BumDes
& BUMNas Sinergis, BerBisnis Di Desa Kian Semarak
Oleh Harmen Batubara
Sejatinya
semua pihak sudah sangat paham dan bahkan sudah akrab dengan semua permasalahan
Urbanisasi. URBANISASI[1]
sebenarnya fenomena yang jamak terjadi pada hampir seluruh kota besar di
seluruh dunia. Tak terkecuali di negara-negara maju sekalipun, kota-kota
metropolitan atau ibu kota selalu menjadi primadona tenaga kerja dari seluruh
penjuru dunia. Sebut saja Tokyo, New York, Shanghai, Hong Kong, Seoul, dan New
Delhi yang menjadi pusat bisnis pasti juga menjadi primadona bagi para tenaga
kerja. Tingkat kepadatan kota-kota tersebut juga melampaui kota-kota lainnya.

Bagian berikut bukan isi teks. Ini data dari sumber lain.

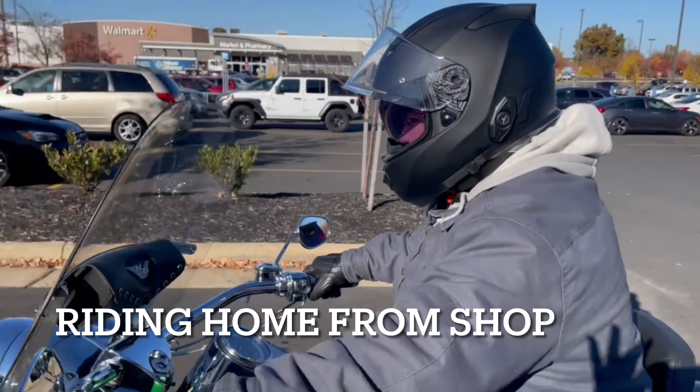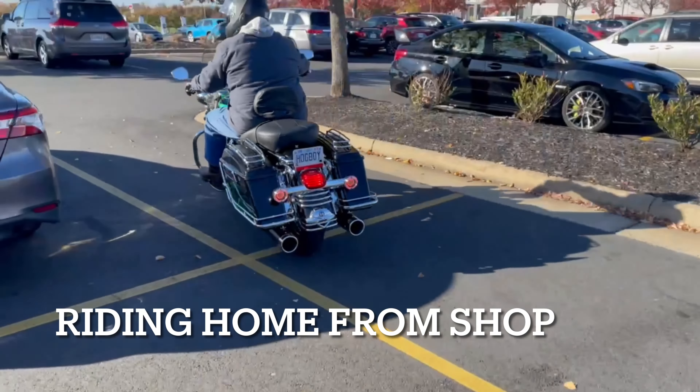Welcome back Simple Homeowners. This is the final video on my motorcycle having it worked on. I finally got it back after quite some time — it just took way too long. Let me show you what it looks like, what has been done, and go over what it sounds like.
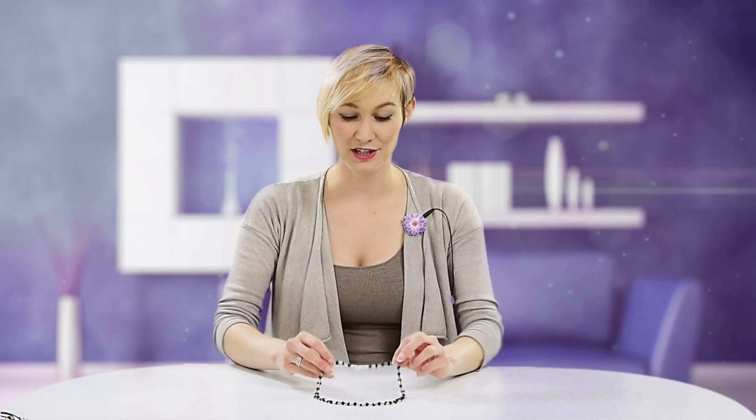Hello and welcome to Bee's Jar. My name's Billie and on today's tutorial I'd like to show you how to create this Swarovski and bugle black diamond necklace.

Artinya, sebenarnya urbanisasi merupakan suatu fenomena yang wajar dan bahkan
merupakan keniscayaan dari sebuah kompetisi pasar tenaga kerja. Tak dapat
dimungkiri, kota-kota besar juga membutuhkan tenaga kerja dalam jumlah yang
banyak guna mendukung berbagai sektor yang diberkembangkan.
Urbanisasi
menjadi persoalan yang serius bagi Indonesia ketika hanya ada satu kota yang
mendominasi tujuan para urban. Ibu kota Jakarta seolah menjadi kota impian dari
seluruh penjuru Tanah Air. Para pencari kerja dari Sabang sampai Merauke hampir
semuanya berkiblat pada kesuksesan kerja di Jakarta. Hal itu wajar karena
Jakarta tidak hanya ibu kota, tapi juga pusat bisnis sekaligus pusat
administrasi pemerintahan dan kekuasaan politik. Tidak hanya para tenaga kerja
profesional dan terdidik yang menyerbu Kota Jakarta, sebagian besar bahkan
justru tenaga kerja tidak memiliki bekal pendidikan dan keterampilan sama
sekali.
Biro
Pusat Statistik (BPS) mencatat laju urbanisasi di Indonesia per tahun mencapai
sekitar 4%. Jika fenomena ini terus berlanjut, diperkirakan pada 2025 sekitar
68% penduduk Indonesia berada di perkotaan. Bagi Indonesia urbanisasi yang
terjadi di berbagai kota justru menimbulkan permasalahan di keduanya, baik di
kota tujuan maupun desa yang mereka tinggalkan. Secara makro hal tersebut
dikonfirmasi data BPS. Tingkat kemiskinan di perdesaan tetap jauh lebih tinggi
(13,96%) daripada di perkotaan (7,73%). Sebaliknya, urbanisasi hanya
menciptakan beban perkotaan jauh lebih tinggi (0,42) jika dibandingkan dengan
perdesaan (0,33). Artinya, dua indikator kesejahteraan makro tersebut
menunjukkan Urbanisasi memang membuat permasalahan.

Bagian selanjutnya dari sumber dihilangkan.